But, as he later joked, he lost a lot of weight just chasing it when it blew off his head in the wind. Soon the cowboy hat was replaced with a more conservative, country broad-brimmed hat.

  To my amazement, Grandad Savage’s introduction to rodeo was also at the age of thirteen, when he rode a bullock in Rockhampton. He then went on to ride buck-jump horses and became well known for his riding in central Queensland. It was inevitable that his interest in horses and stock work would eventually see him end up heading to the Northern Territory and the Kimberley. The isolation, vast distances and hard work were sure to test any young ringer. Twenty-year-old Bob arrived on Flora Valley Station on the Territory–Western Australia border, owned by the Vestey Group, where he ran the mustering stock camp for twelve months. His inherited love for horseracing followed him across the country, and he began riding as a jockey at meets including Halls Creek, Wyndham, Broome, Port Hedland, Onslow, Aileron and Alice Springs. He had many of his own horses over the years and went on to take home a good share of the prize money. His two big winners were Sweet and Tidy and Cloette Gold, one of which won six races straight at its peak. Beyond the racetrack, Grandad longed to own his own cattle property, so in 1949 he went halves with a partner to buy Bohemia Downs Station in the Kimberley. Perhaps it was the loneliness in the stock camp or the desire to settle down, but in 1951 Bob and Lillian married in Queensland and returned to Bohemia Downs to begin raising a family. There they stayed for another eight years before selling out their share and moving to Broome to pioneer banana growing and a market garden on a two-hectare block. The venture was reasonably successful until two cyclones, two years in a row, wiped out the plantation. The Kimberley banana industry has had some good years since, but the cyclones have forced most growers to sell out.

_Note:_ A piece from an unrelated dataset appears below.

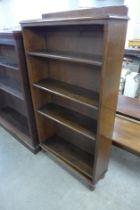 A tall early 20th Century oak open bookcase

  So Grandad and Grandma were on the road again, this time to the Aboriginal communities of Lajamanu (Hooker Creek) and Yuendumu, back in the Territory and on the edge of the Tanami Desert. Grandad had taken a job with Native Affairs as the manager of stock operations for the region. During his time mustering and managing the cattle on the government land, he had become very familiar with the country and made friends with many of the traditional owners. Although he always felt the area had good grazing potential, it took a vehicle breakdown between Rabbit Flat and Lajamanu for him to truly grasp the opportunity. Around him was flat limestone country, surfaced with red sand and flourishing with more than twenty different species of grass, including mitchell, flinders and spinifex.